Personal information
- Full name: James Henderson Smith
- Born: 1 April 1893 Bendigo, Victoria
- Died: 3 July 1960 (aged 67) Queenscliff, Victoria
- Original team: Prahran
- Height: 180 cm (5 ft 11 in)
- Weight: 82 kg (181 lb)

Playing career^{1}
- Years: Club / Games (Goals)
- 1915–16: Fitzroy / 6 (0)
- 1922: Geelong / 3 (2)
- Total:  / 9 (2)
- ^{1} Playing statistics correct to the end of 1922.

= Harry Smith (footballer, born 1893) =

Australian rules footballer

James Henderson 'Harry' Smith (1 April 1893 – 3 July 1960) was an Australian rules footballer who played with Fitzroy and Geelong in the Victorian Football League (VFL).

==Family==
Smith was born James Maddock Horatio Smith in Bendigo in 1893, the youngest son of Horatio Fellows Smith (1852–1907) and Frances Louisa Smith, nee Snook (1852–1911). During his adult life, he used the name James Henderson Smith.

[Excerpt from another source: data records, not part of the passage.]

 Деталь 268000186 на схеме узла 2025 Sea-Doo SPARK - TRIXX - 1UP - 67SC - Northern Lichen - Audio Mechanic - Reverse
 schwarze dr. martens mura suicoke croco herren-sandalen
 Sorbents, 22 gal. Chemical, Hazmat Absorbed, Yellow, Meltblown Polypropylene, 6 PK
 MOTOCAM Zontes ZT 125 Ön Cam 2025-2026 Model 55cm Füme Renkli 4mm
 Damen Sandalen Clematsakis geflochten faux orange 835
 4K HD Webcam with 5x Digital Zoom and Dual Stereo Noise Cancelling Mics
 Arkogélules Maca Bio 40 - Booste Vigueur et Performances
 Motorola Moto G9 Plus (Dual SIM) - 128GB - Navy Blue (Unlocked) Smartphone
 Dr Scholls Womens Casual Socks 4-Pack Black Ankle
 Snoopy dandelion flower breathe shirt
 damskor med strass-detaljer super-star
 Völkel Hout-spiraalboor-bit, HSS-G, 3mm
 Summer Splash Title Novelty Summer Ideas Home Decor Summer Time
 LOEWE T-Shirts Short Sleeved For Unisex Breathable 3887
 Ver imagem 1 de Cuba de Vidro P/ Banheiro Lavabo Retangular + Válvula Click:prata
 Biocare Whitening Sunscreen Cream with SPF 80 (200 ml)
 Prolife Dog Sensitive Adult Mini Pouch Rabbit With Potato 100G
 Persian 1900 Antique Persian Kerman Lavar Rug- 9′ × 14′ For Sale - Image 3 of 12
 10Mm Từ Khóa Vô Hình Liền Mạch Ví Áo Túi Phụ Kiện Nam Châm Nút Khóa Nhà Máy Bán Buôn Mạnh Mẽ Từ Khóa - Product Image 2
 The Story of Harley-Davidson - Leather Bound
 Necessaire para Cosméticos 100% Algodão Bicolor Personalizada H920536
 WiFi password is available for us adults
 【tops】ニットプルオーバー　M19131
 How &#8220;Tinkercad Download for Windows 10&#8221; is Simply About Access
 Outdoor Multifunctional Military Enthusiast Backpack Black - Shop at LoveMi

He married Sarah Todd in 1916.

==Football==
Smith commenced his senior football career with Prahran in 1912 in the Victorian Football Association, before transferring to Fitzroy early in the 1915 season.
He made his Fitzroy debut in his first week at the club, the Round 6 Football Record stating “Stone was an absentee from the Fitzroy team last Saturday. Smith, late of Prahran, filled the vacancy, and for his first game in League football shaped well. He found the slippery ball hard to handle at times.” He played a total of six games over the two seasons he was with Fitzroy, but failed to secure a regular place in the side.

Smith moved to Queenscliff and after becoming a leading player in the Bellarine competition, was invited to train with Geelong in 1922. He played regularly with the Geelong second eighteen but again failed to establish himself in the senior team, making a total of three appearances for Geelong in the VFL.

==Post-football==
Smith and his wife ran a boarding house at 31 Hesse St, Queenscliff for over 30 years. He died in Queenscliff in 1960.